Wed, 06/08/2022 - 15:48

When people complain about tape, most times, it seems to me, they are talking about red. But in my case, my beef is with blue, literally.

Readers of The Star’s letters pages might have noticed Jeff Plitt’s frequent mention of my brightwork, or varnish, and wondered why. It comes from a period of time last summer when I tied my boat near where he docks his own. That spring, thinking that I would see to refinishing the wooden cockpit coamings and grab rails on the cabintop sometime that season, I, perhaps foolishly, put blue painter’s tape over the raw spots. My idea was that the tape would prevent more sun damage and keep out rainwater.
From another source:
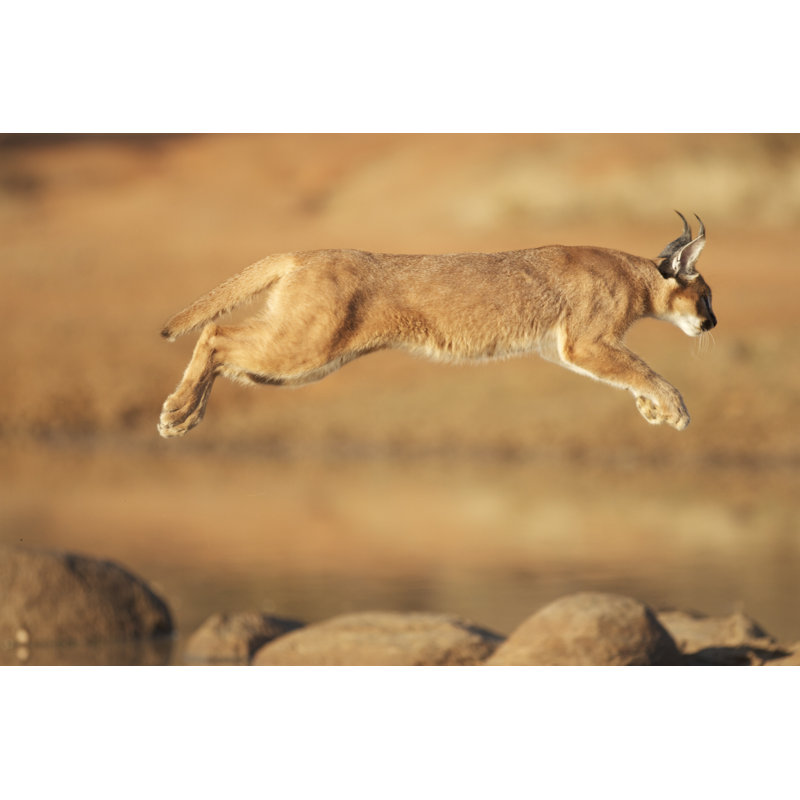 African Caracal Jumping 1 Piece Wrapped Canvas Wall Art, 20cm H x 30cm W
Sharp-eyed, Jeff noticed the tape right away; it was still there when I returned with the boat in the fall to get ready for its haul-out.

Curious about the derivation of the phrase red tape, I learned that it comes from a tradition dating at least to the 1600s in England of binding high piles of official documents with red fabric tape, what today we might call ribbon. In time, it became a way to describe the fussiness of British law and of those who applied it. I noted the parallel. Red tape of the bureaucratic kind is tenacious, persistent, and annoying. So is blue tape, especially if one does not deal with it quickly after it is applied.

After a summer at mooring, the blue tape on Cerberus’s rails was firmly stuck. It would not peel, nor did ordinary solvents do the job. Scraping was the only choice, since it clogged sandpaper in an instant. Jeff will be pleased to hear that I have at last tackled the blue tape and begun on the brightwork.

Don Casey, the author of a classic handbook on old-boat care, advises dealing with safety and structure first and leaving that sort of finish work to last. There are some things, though, that boaters like Jeff and, frankly, me, can’t get past. Being that it is time to get back on the water, the red tape we’ll let slide until another season.